## [Exercise aim]
Your answer must be an exact copy of the lines below, from the first through the one with "Halloween Haunted Pumpkin", with no pictures.

## [Data extract]
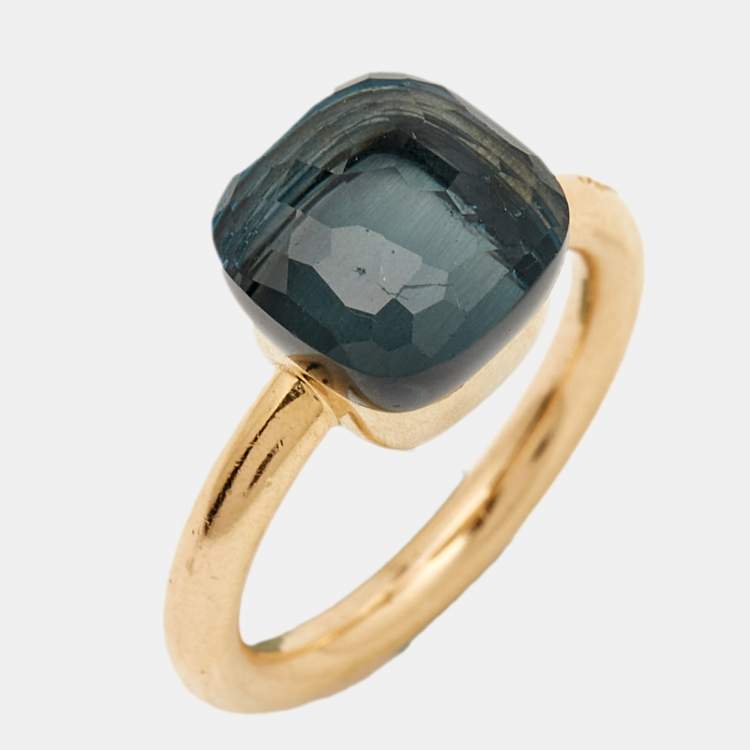 Pre Owned Pomellato Nudo Petit Blue Topaz 18k Yellow Gold Ring Size 52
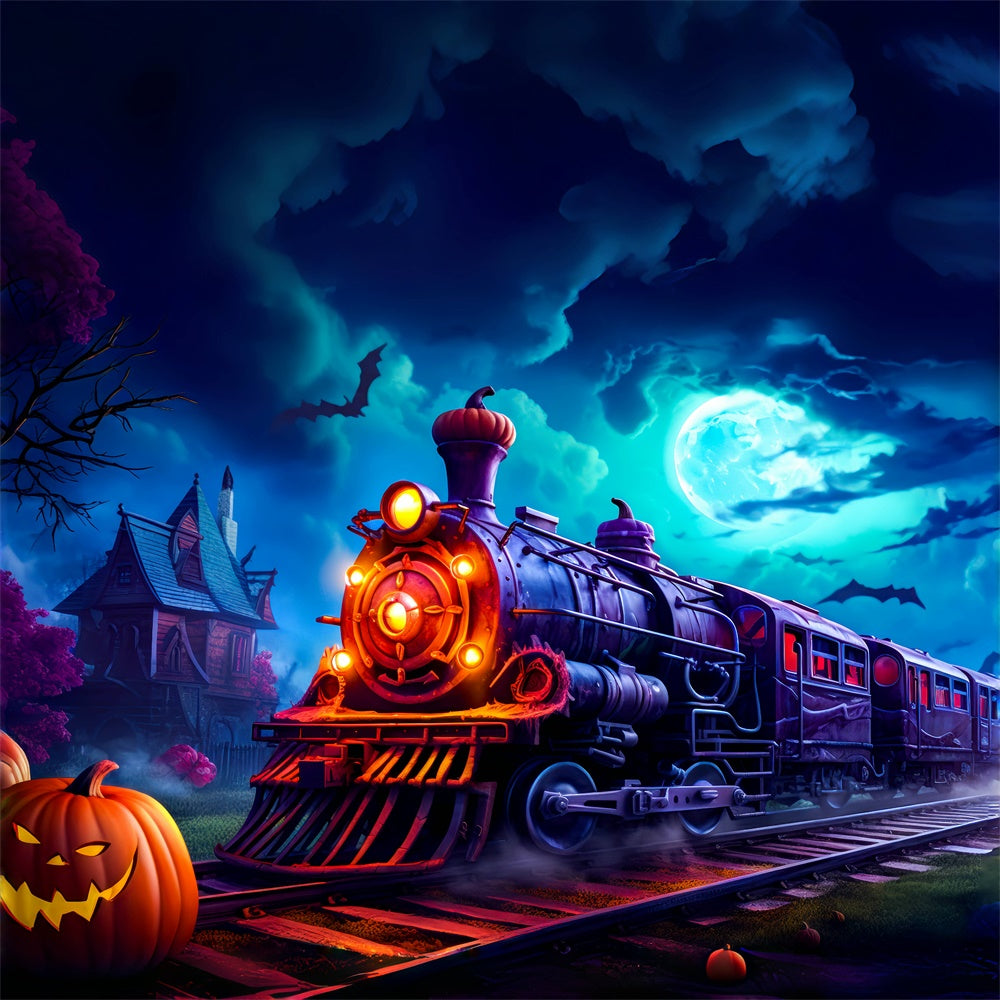 Halloween Haunted Pumpkin Express Train Backdrop UK BRP8-201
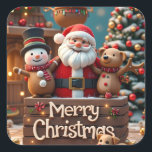 "Merry Christmas Decoration | Cute Santa & Friends Square Sticker<br><div class="desc">"Bring the magic of Christmas to life with this adorable holiday design! Featuring Santa Claus surrounded by his cheerful friends – a smiling snowman, a cute teddy bear, and a playful puppy – all set in a cozy winter wonderland with a decorated Christmas tree and festive lights. This Merry Christmas...</div>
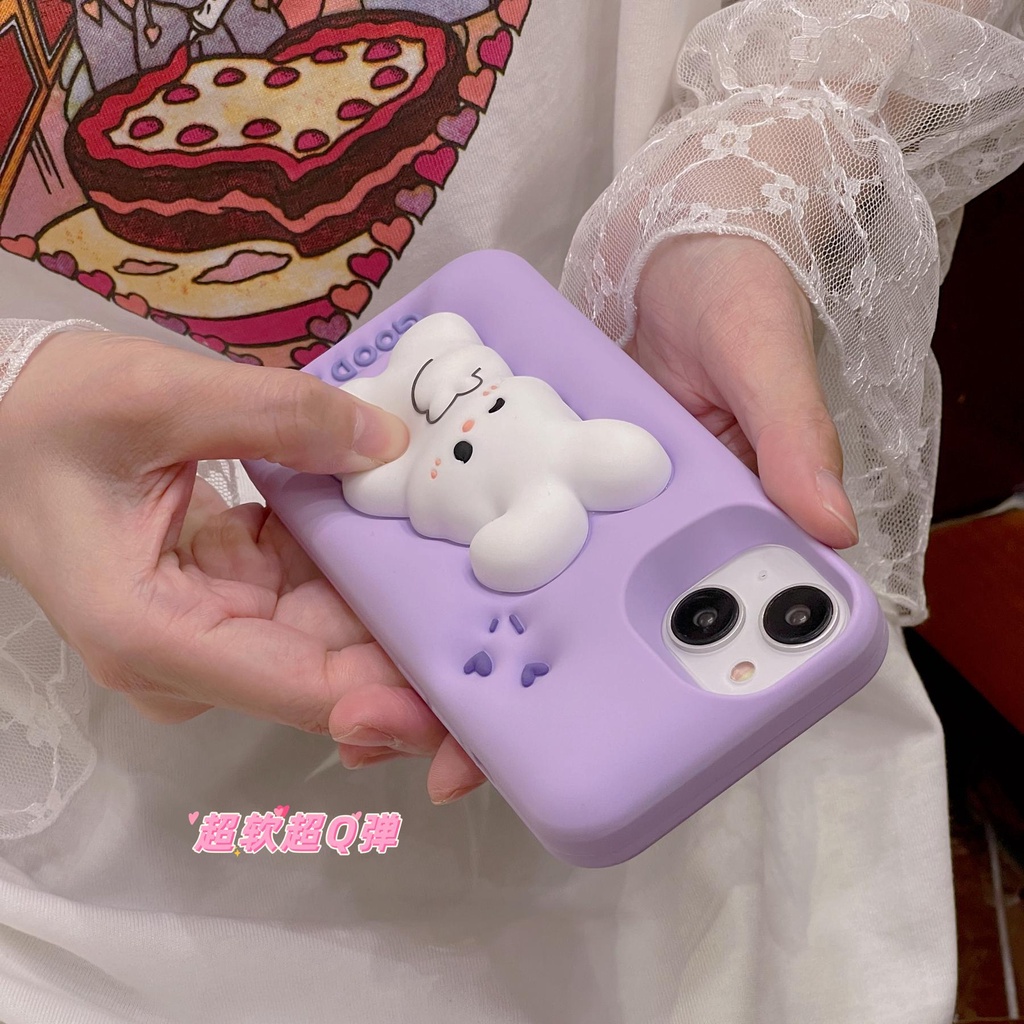 Ốp Điện Thoại tpu Dẻo Họa Tiết Hoạt Hình Chú Thỏ 3D Dễ Thương Cho iPhone 14 13 12 11 Pro MAX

## [Reply]
 Pre Owned Pomellato Nudo Petit Blue Topaz 18k Yellow Gold Ring Size 52
 Halloween Haunted Pumpkin Express Train Backdrop UK BRP8-201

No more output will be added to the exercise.